- Directions for this task
From the line containing "Used 2004 Honda Accord LX image 4" to the end of the records, print every line exactly, both ends included, and leave out the pictures.

##### Provided data

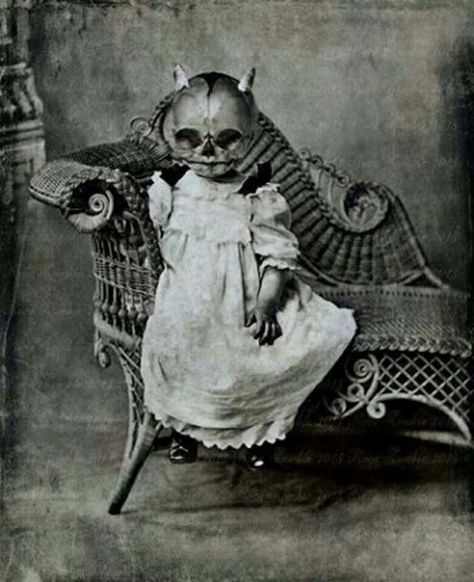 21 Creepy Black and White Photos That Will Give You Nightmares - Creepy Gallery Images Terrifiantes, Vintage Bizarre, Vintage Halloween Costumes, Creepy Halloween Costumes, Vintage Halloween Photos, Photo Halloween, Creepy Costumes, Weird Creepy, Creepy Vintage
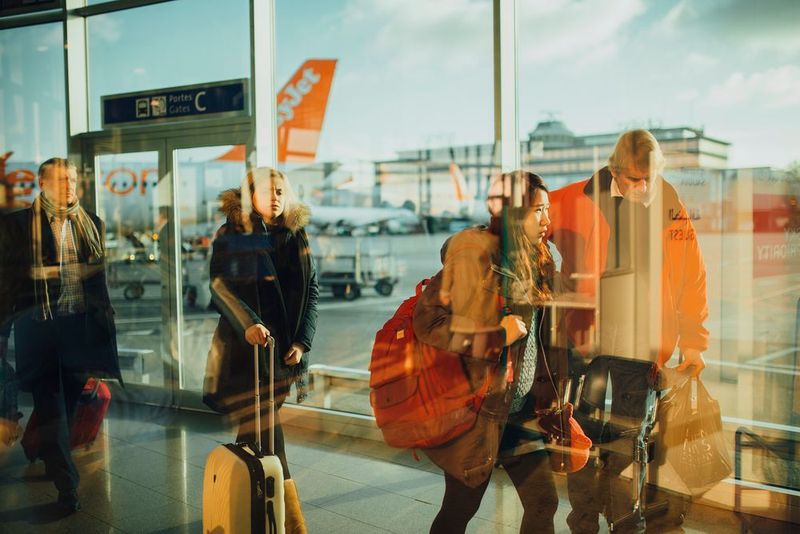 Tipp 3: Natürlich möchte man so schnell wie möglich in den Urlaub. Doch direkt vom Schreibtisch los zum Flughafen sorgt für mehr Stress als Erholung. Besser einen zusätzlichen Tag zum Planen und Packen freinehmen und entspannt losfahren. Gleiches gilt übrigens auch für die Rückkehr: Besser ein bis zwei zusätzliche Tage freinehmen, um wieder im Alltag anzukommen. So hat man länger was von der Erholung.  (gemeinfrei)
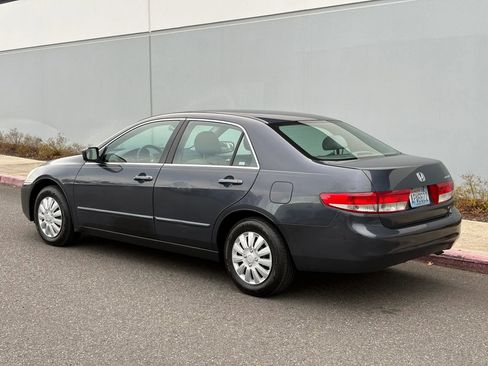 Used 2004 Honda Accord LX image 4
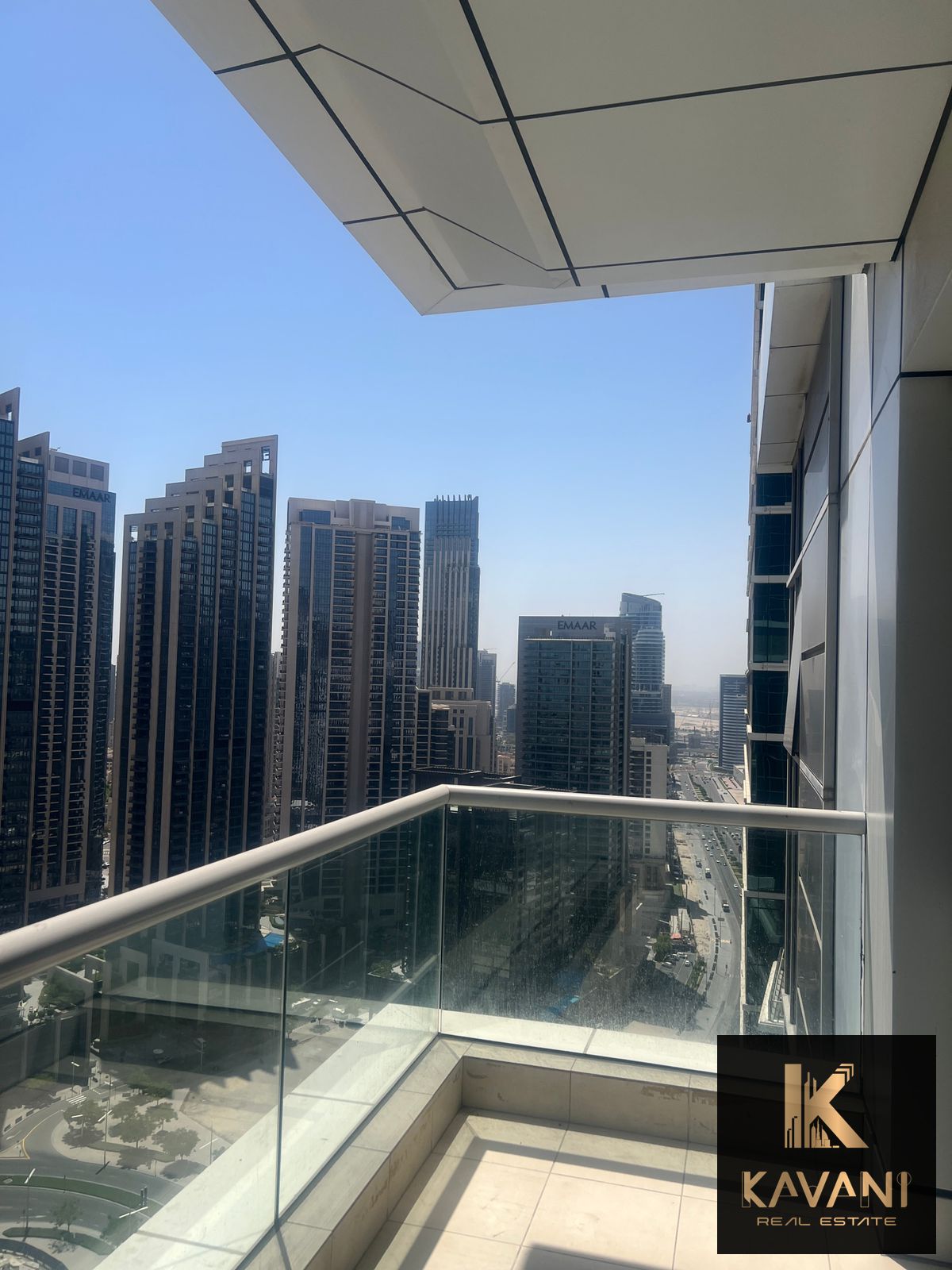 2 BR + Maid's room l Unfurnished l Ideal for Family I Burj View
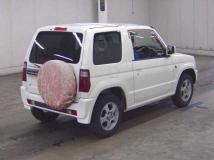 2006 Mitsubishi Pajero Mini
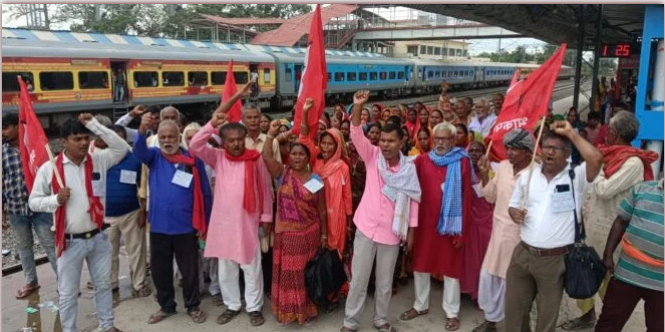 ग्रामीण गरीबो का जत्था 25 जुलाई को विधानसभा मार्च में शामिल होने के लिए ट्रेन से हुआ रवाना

##########

- Task answer
 Used 2004 Honda Accord LX image 4
 2 BR + Maid's room l Unfurnished l Ideal for Family I Burj View
 2006 Mitsubishi Pajero Mini
 ग्रामीण गरीबो का जत्था 25 जुलाई को विधानसभा मार्च में शामिल होने के लिए ट्रेन से हुआ रवाना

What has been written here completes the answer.